### Work instructions
In the material below, find the line with "Bracelet en cuir et perles"; set down that line and every line after it to the end, exactly, without pictures.

### Given data
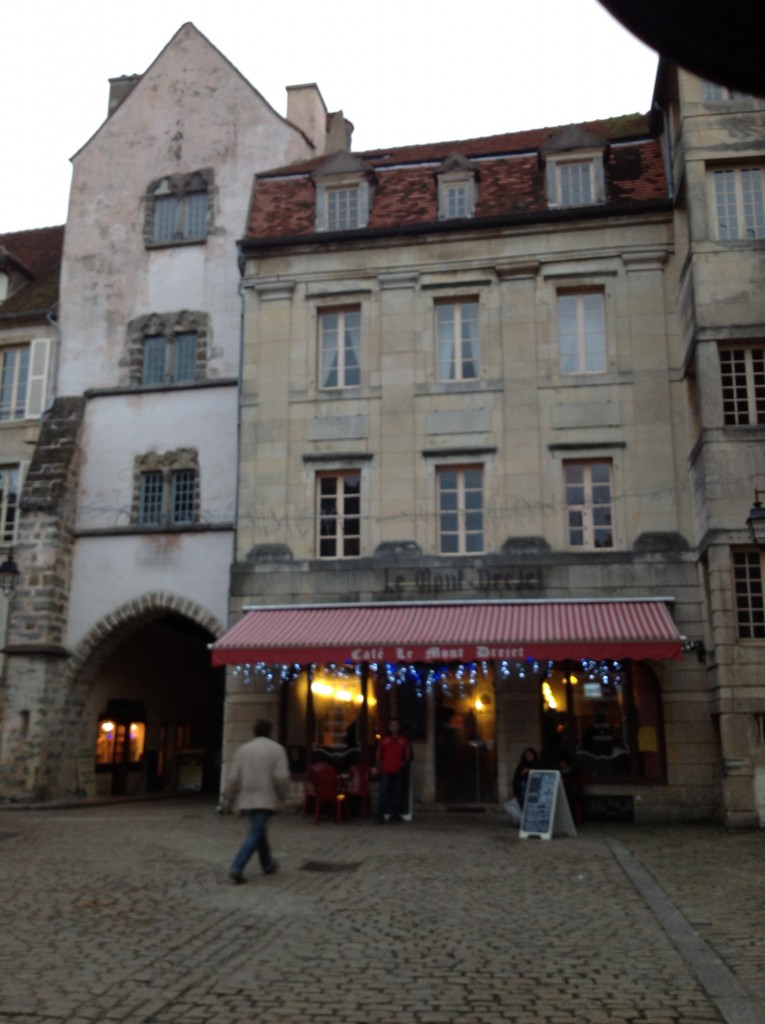Foto de Semur En Auxoois, Francia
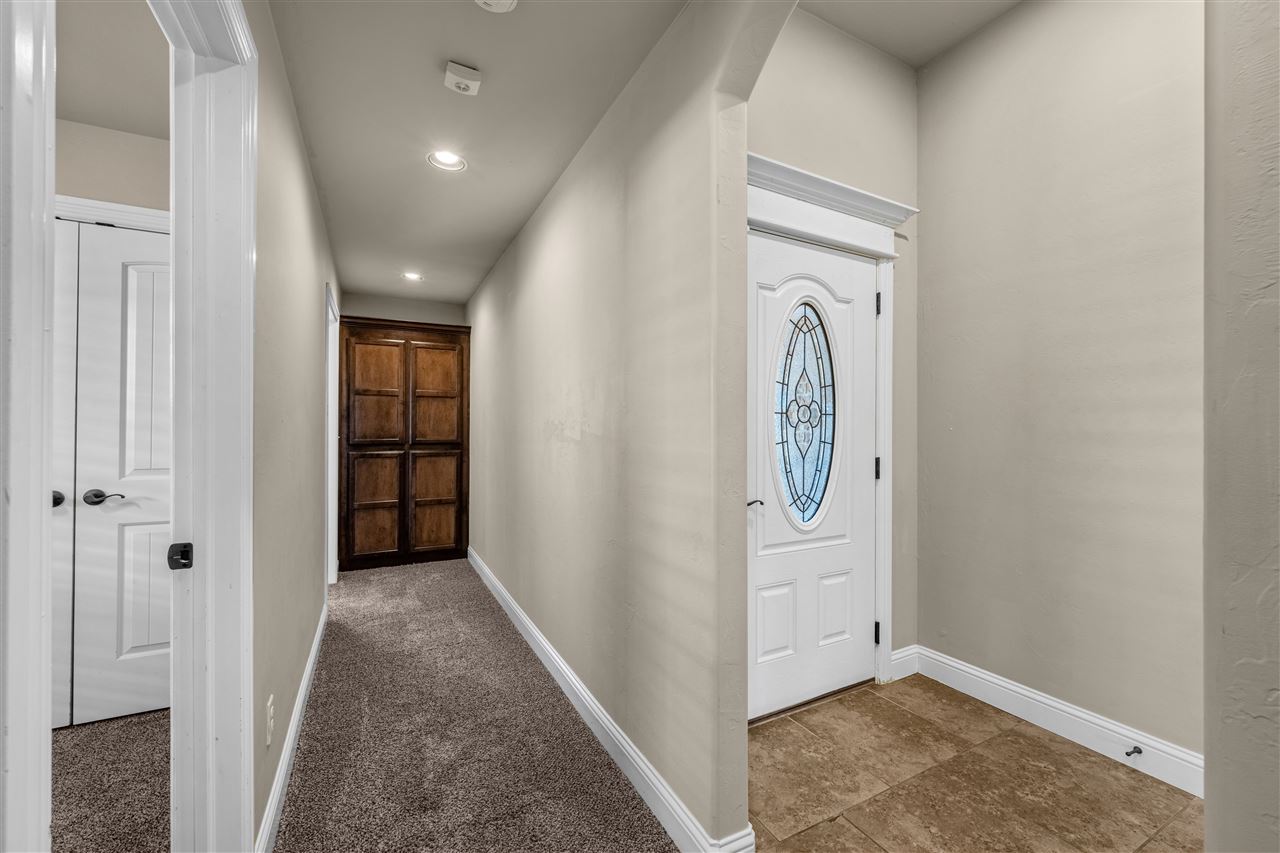 2411 SW Edinburough Dr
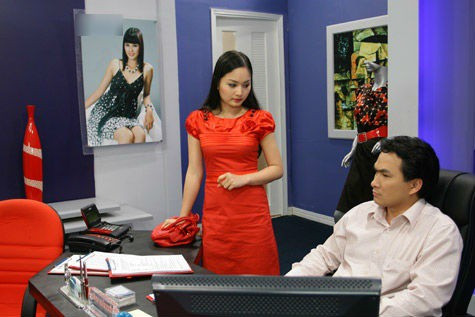 Diễn viên Lan Phương làm mẹ đơn thân , vượt sóng gió hôn nhân sau ' cô gái xấu xí ' - Ảnh 1.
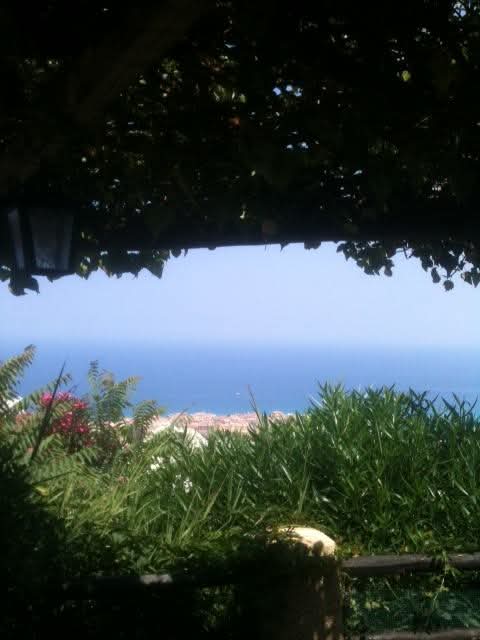 Cristina6013's tweet image. Con quel cielo e quel mare, sento che manca qualcosa: forse solo tu. ❤️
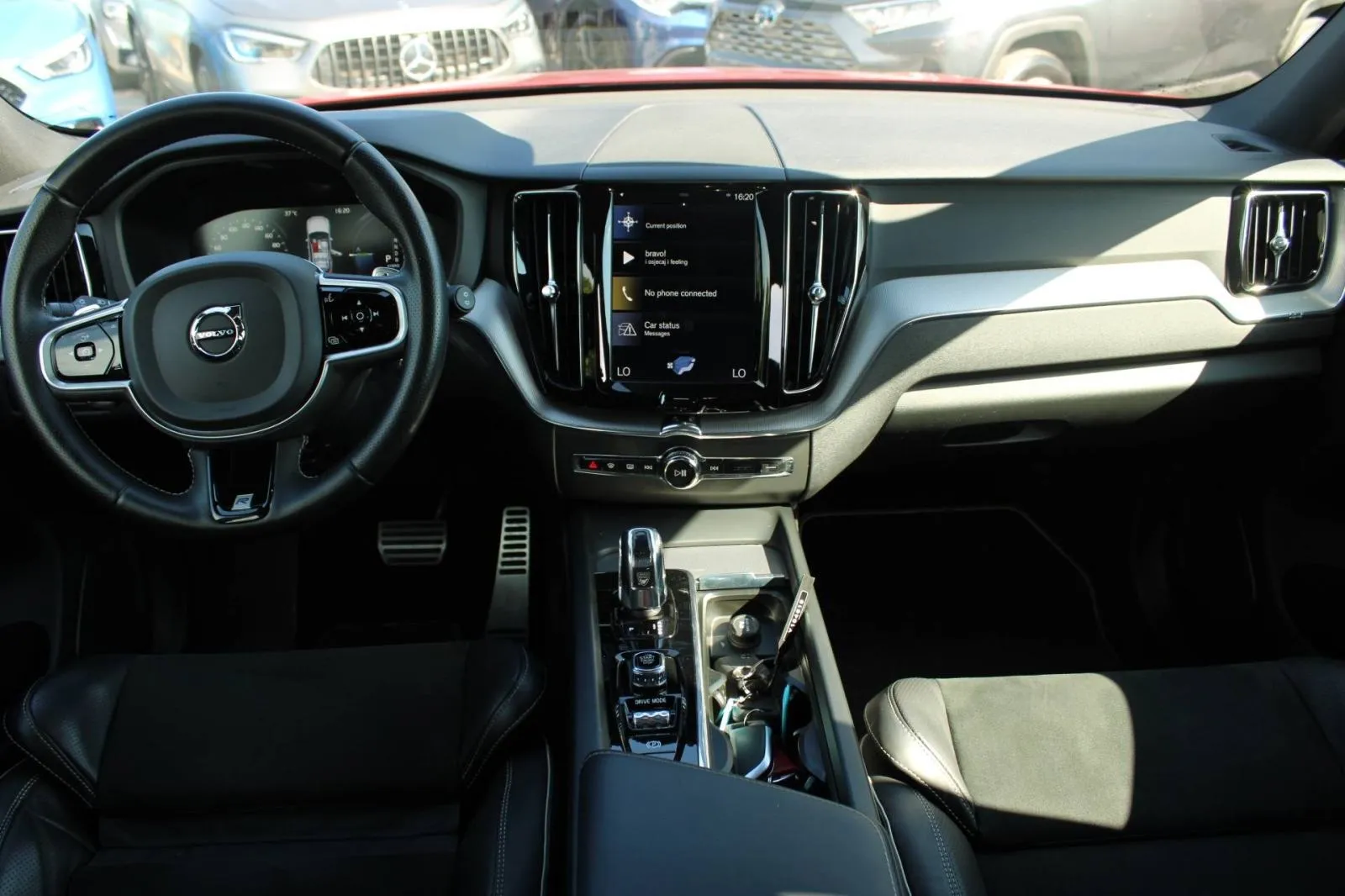 volvo xc60 t8 recharge awd r-design *panorama, led, navigacija* - slika 13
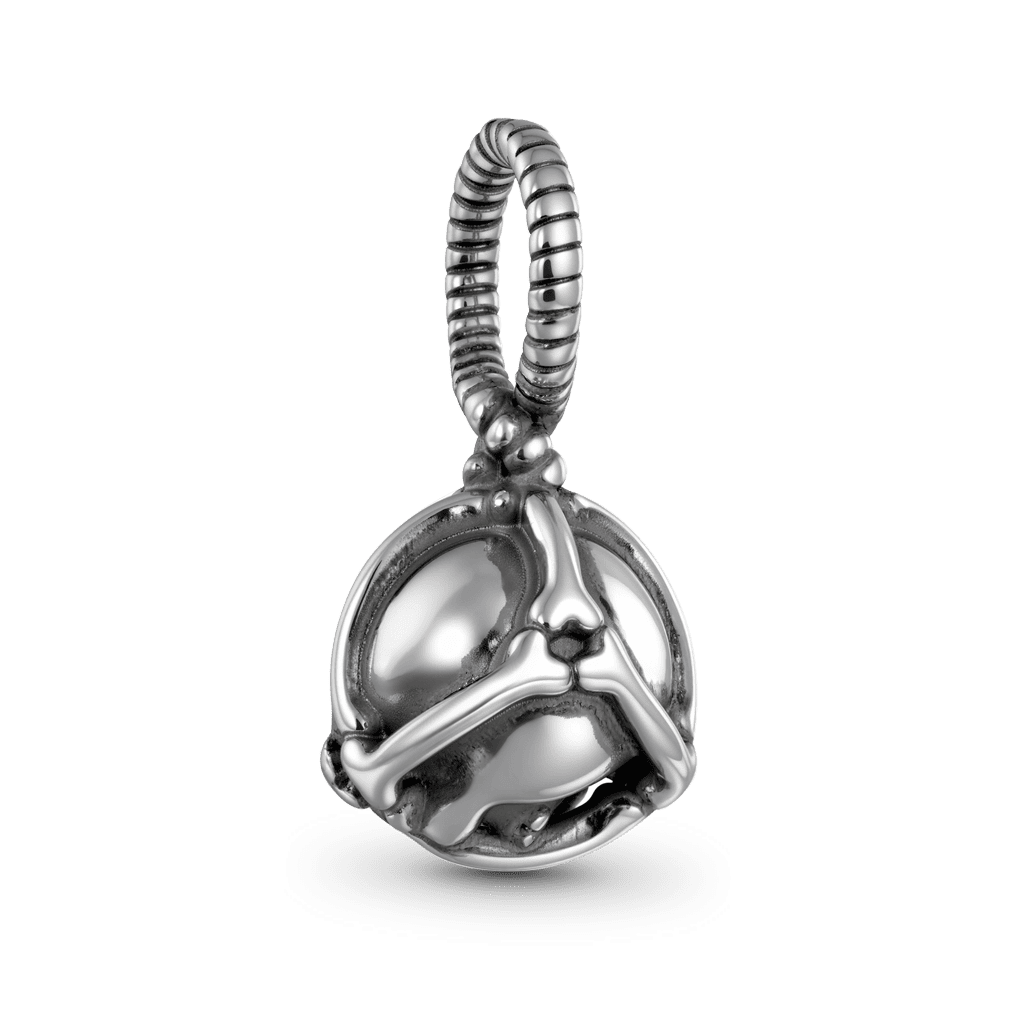 Vintage Skull Pendant image number 4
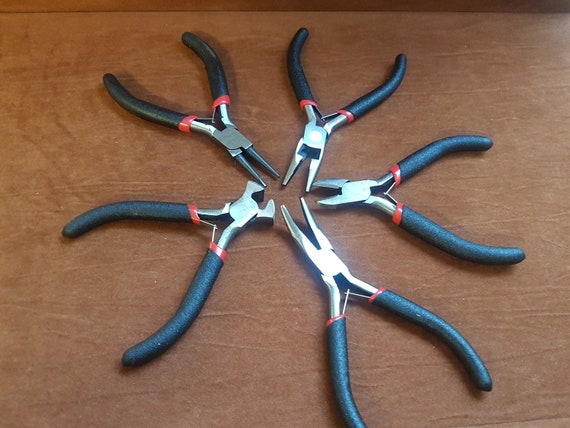 5 Piece mini plier set. Jewellery tools for all levels of jewellery making. For beading and all kinds of craft. 10 cm average length.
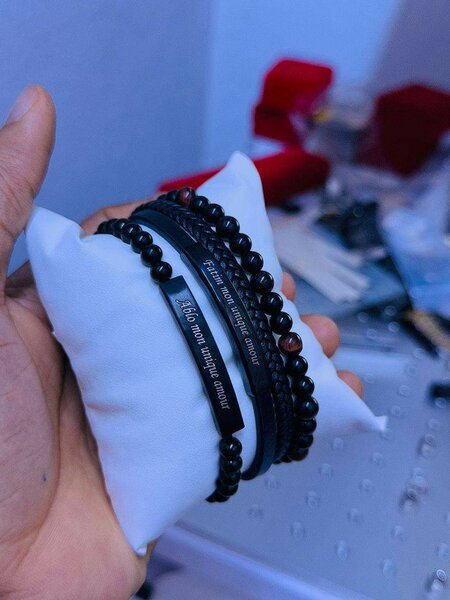 Bracelet en cuir et perles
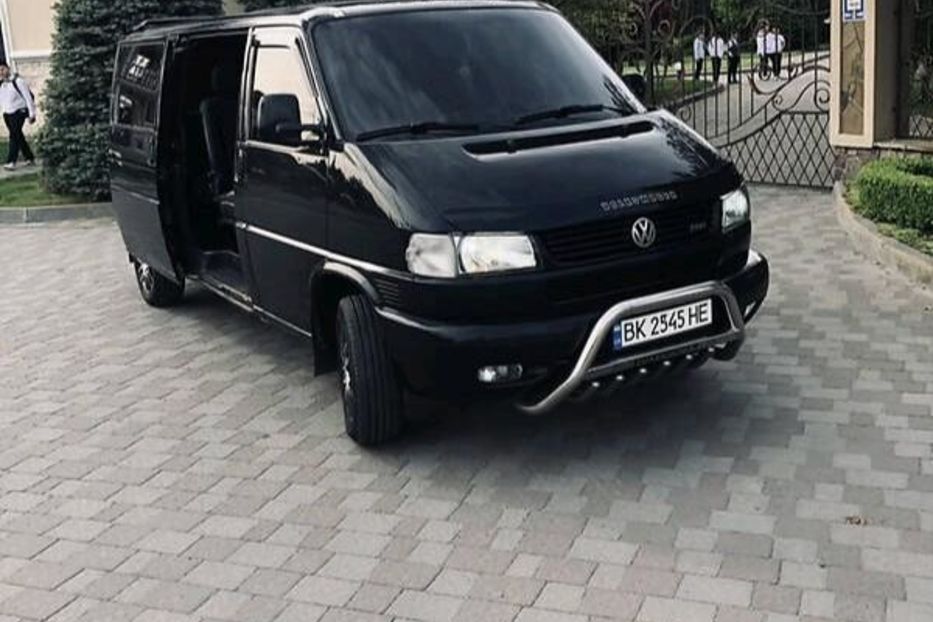 Продам Volkswagen T4 (Transporter) пасс. 2000 года в Киеве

### Written answer
 Bracelet en cuir et perles
 Продам Volkswagen T4 (Transporter) пасс. 2000 года в Киеве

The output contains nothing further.